The kinematics and mechanics of oblique ramp deformation within fold-and-thrust belts

Abstract

The South Fork thrust, a hanging wall imbricate of the Absaroka thrust sheet, southwest Wyoming, has a high angle (~70°), small displacement (~900 ft.), oblique ramp in the hanging wall and footwall. Two penetrative deformation events were recorded by folding, stylolitic cleavage, and calcite twinning strains. The first, with east-directed "regional" shortening, is attributed to early layer-parallel shortening. The second event suggests northeast-directed shortening unique to the oblique ramp, nearly perpendicular to its strike. A systematic change in the orientation of bedding and fractures near the oblique ramp suggests that the hanging wall also underwent a quasi-rigid body rotation as it was pinned near its western terminus. Kinematic models for the deformation of hanging wall material moving over a footwall oblique ramp are developed by considering two end members of assumed mechanical behavior: vertical shear and layer-parallel shear. In the former case, material is sheared vertically and displacements remain within the tectonic transport plane.

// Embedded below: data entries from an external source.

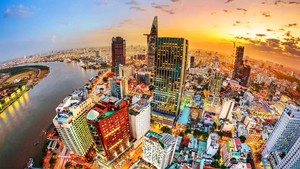 Tăng trưởng kinh tế Việt Nam: Sức bật từ đầu tư công và tiêu dùng nội địa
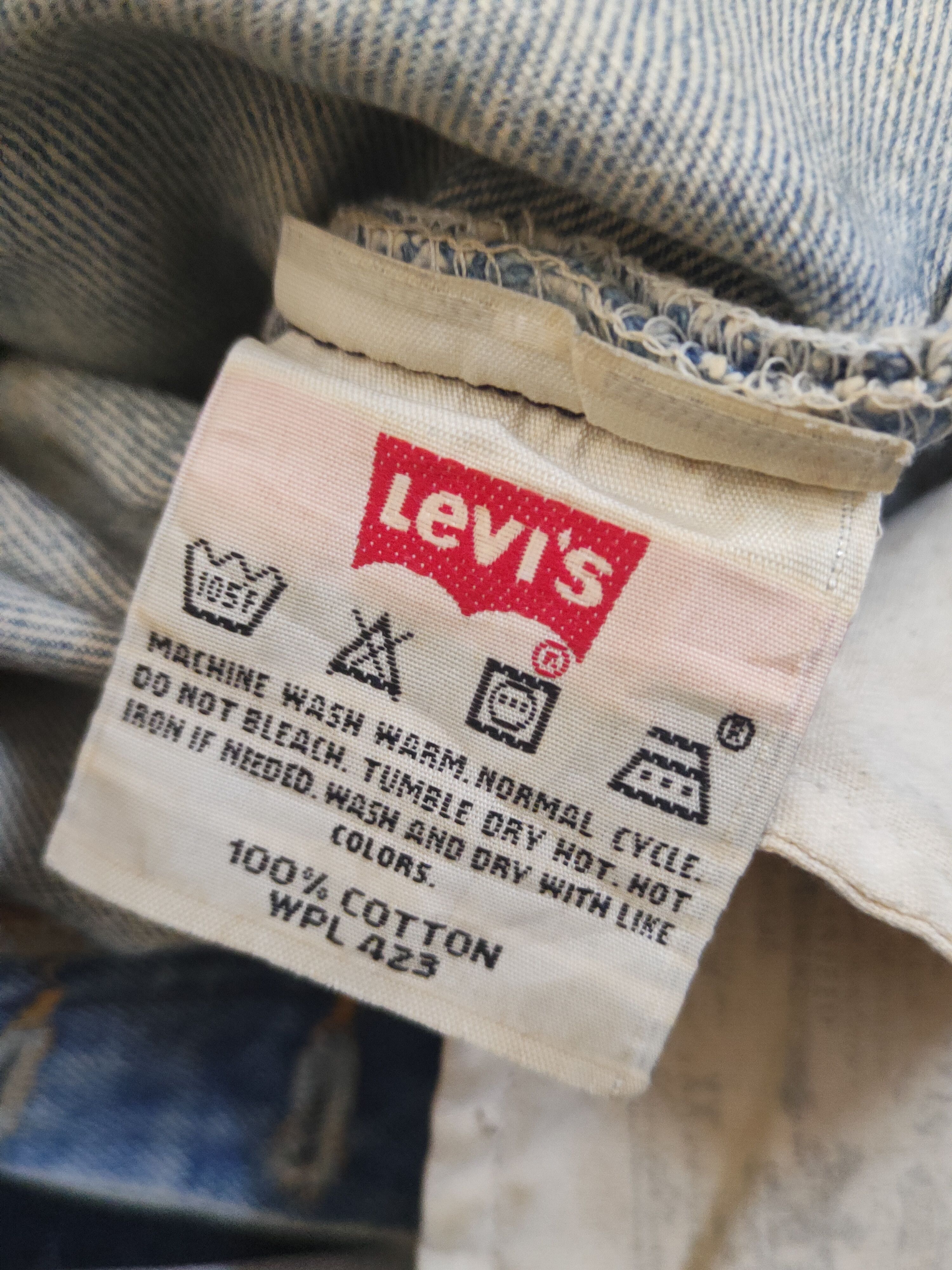 Levi's 501 Levis vintage Blue Distressed Ripped denim Jeans #W1619 Size US 34 / EU 50 - 18 Thumbnail
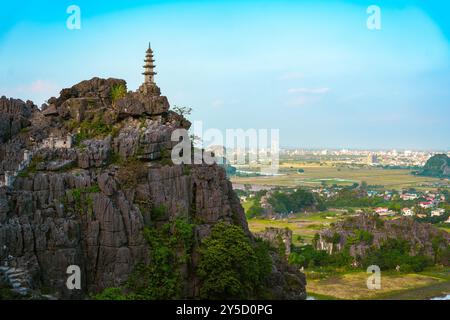 Traditionelle vietnamesische Pagode auf dem Berg in Ninh Binh. Wunderschöne Pagode in der Mua-Höhle mit Panoramablick auf die Landschaft Stockfoto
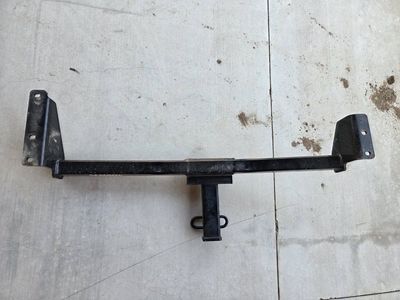 3500lb Trailer Hitch: Uhaul HW-230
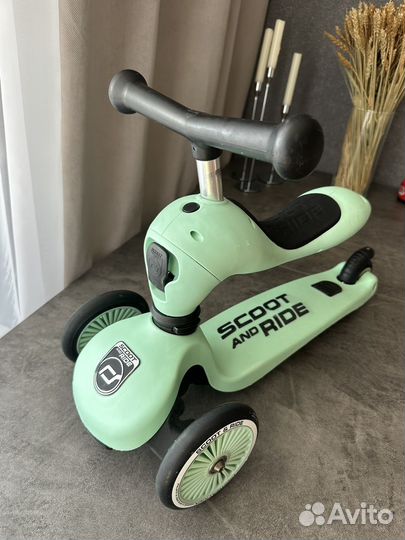 Самокат беговел scoot and ride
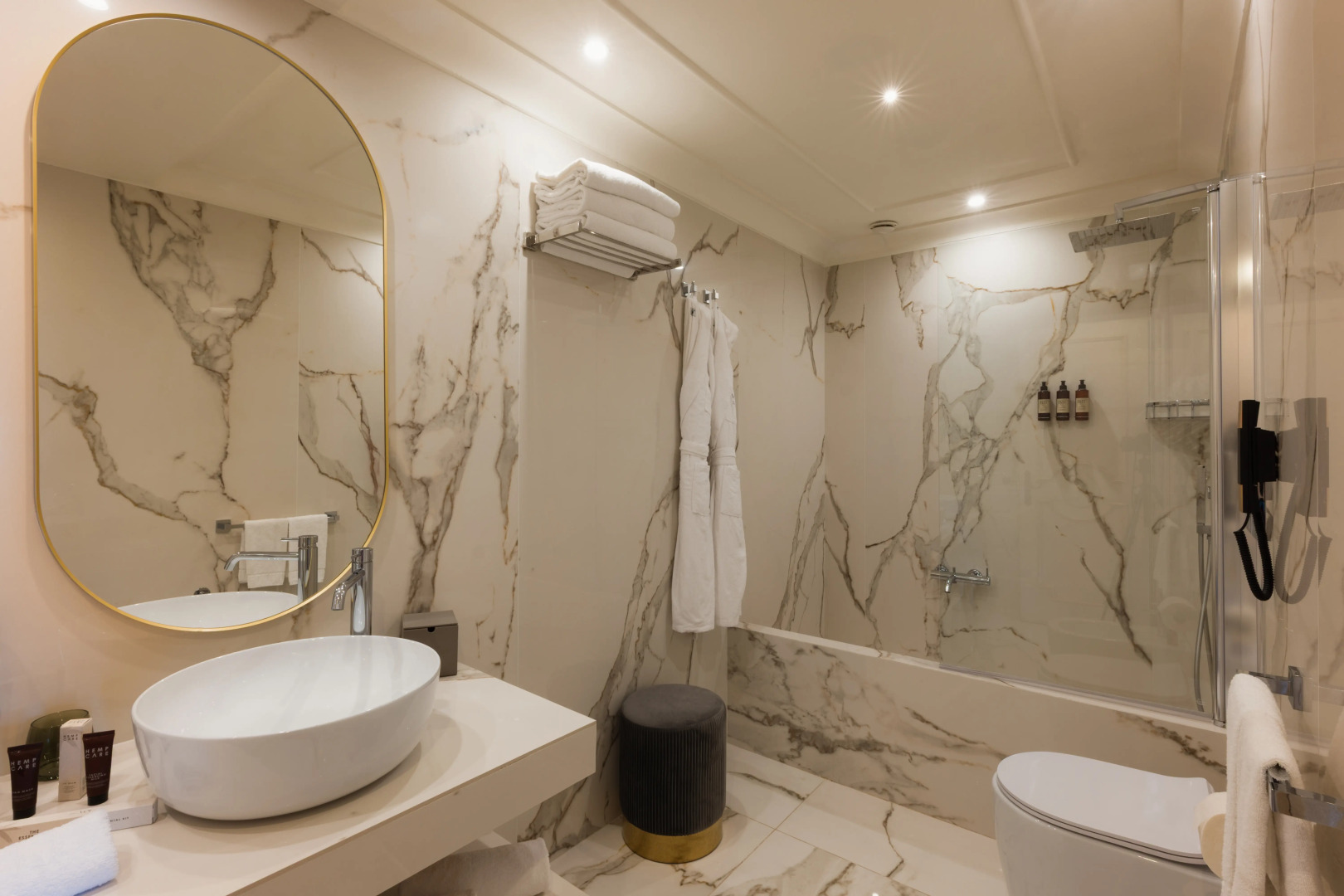 Atlantis Bay - VRetreats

In the later case, material is deflected out of the transport plane. The deflection and out-of-plane shear strains are zero for frontal and lateral ramps, and maximum at an intermediate oblique orientation, depending on ramp dip. At frontal ramp-oblique ramp intersections, the deflection may cause local strike-parallel extension or shortening. Hanging wall motion over footwall topography has been modeled by solving a 3-D boundary value problem, in which the hanging wall is represented by a linear viscous half-space sliding over a low dip, frictionless, sinusoidal interface. One interface resembles a series of basins and domes, and is the locus of out-of-plane displacements, velocities, and stresses. In a second model, the basic velocity is at an oblique angle to the strike of the axis of the cylindrical interface. The maximum and minimum compressive stress and perturbed velocity field are always oriented in a plane perpendicular to the cylinder axis, and their magnitudes are a maximum for dip-slip, and minimum for strike-slip. The total velocity field is locally deflected out of the transport plane. The magnitude of the deflection is zero for dip-slip and strike-slip, and a maximum at an intermediate value.